My Journey Away from God and Back

I had no intentions of walking away from God, but I did. When I really sit back and think about it, I actually began my journey away with the end of my marriage. The nightmare marriage affected my prayer life, I spent so much time crying at night, I stopped praying before going to bed. Then I was upset because I was still hurting in the morning, I stopped praying when I woke up. My big journey away started with the death of my Dad. I was so angry and hurt, but thankful my Dad's pain and suffering was over. I had all kinds of emotions going on. I refused any counseling because I knew I was pissed off, didn't need anyone telling me something I already knew.

First, I started being late for my ministry duties. Then I was late or skipping our meetings. When I did attend, I impatiently waited for them to end. Finally, I decided to step down. Our ministry leader, Mrs. Opera Brown said honey go get healed and come back, take all the time you need. With those words, I left Oak Cliff Bible Fellowship.

So from 2004 to present, I jumped around visiting different churches trying to find my missing part. I joined two different churches during this time, Friendship West and the Potter's House. I never felt like I belong to either church, I couldn't get myself to commit to a ministry or regular attendance. Whatever was missing in me, I wasn't finding it in those churches. I even tried the club scene, I still didn't belong. The drinking heavy scene didn't work for me either. I soon realized that no matter how far I strayed from God, His grip on me never loosened, no matter what I tried.

In August 2011, God orchestrated me getting introduced to running. I fell in love with running, it gave me true peace. During my first half marathon, April 2012, I ran right back into the arms of the Lord. The more I ran, the more I connected with Him.

My mother, my spiritual mom and my best friend Jo, never judged me or condemned me during this journey. They loved me unconditionally. Shared their wisdom and slipped in advice every now and then. I'm not sure what made Jo start opening our Sunday conversations with "did you go see Jesus today", but I'm truly thankful.

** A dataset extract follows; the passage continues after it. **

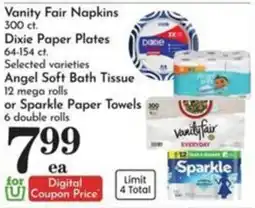 Pavilions Vanity Fair Napkins, Dixie Paper Plates, Angel Soft Bath Tissue or Sparkle Paper Towels offer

I got so tired of her say it, I made a commit to myself that I would start back attending church regularly with OCBF during their Solemn Assembly. Solemn Assembly is a time of fasting and praying the first full week of the new year. My fasting goal was to find something I would really miss, so I picked Facebook. I also committed to reading a daily devotion in the morning and studying my Bible as much as possible. I also asked God to give me peace at church again.

I attended the Solemn Assembly services and I kept coming back every Sunday. I felt at home, like I never left. The only time I have missed church have been to attend church with my daughter, running events, vacation or illness. Only once I've missed because I wanted to, and I felt like I missed a whole day of life.

One Sunday, the message came out of Psalm 23. The verses spoke to me, He spoke to me:
I AM your Shepherd; you shall not want. I WILL maketh you to lie down in green pastures: I WILL leadeth you beside the still waters. I WILL restoreth your soul: I WILL leadeth you in the paths of righteousness for MY name's sake. Yea, though you walk through the valley of the shadow of death, you will fear no evil: for I AM with you; MY rod and MY staff they comfort you. I WILL preparest a table before you in the presence of your enemies: I WILL anointest your head with oil; your cup will runneth over. Surely I WILL cause goodness and mercy to follow you all the days of your life: and you will dwell in the MY house for ever.

I'm back at OCBF, where I belong. I haven't renewed my membership, but I plan on it. I even attended church one Sunday after a running event. I arrived just in time for the sermon. I will always love my mother, Delsine Hearst, for introducing me to God. My Aunt Christine Harrison, for never failing to show the Jesus in her. My spiritual mom, Betty Evans, for sharing her wisdom and giving me discipline. My best friend, Jo Jay, for making sure I got up every Sunday morning to attend church. And my coworker, Evangelist Louise Turner, for her subtle, but direct guidance. Through these ladies, I remain His no matter what. I may at times get it wrong, but I'm still His.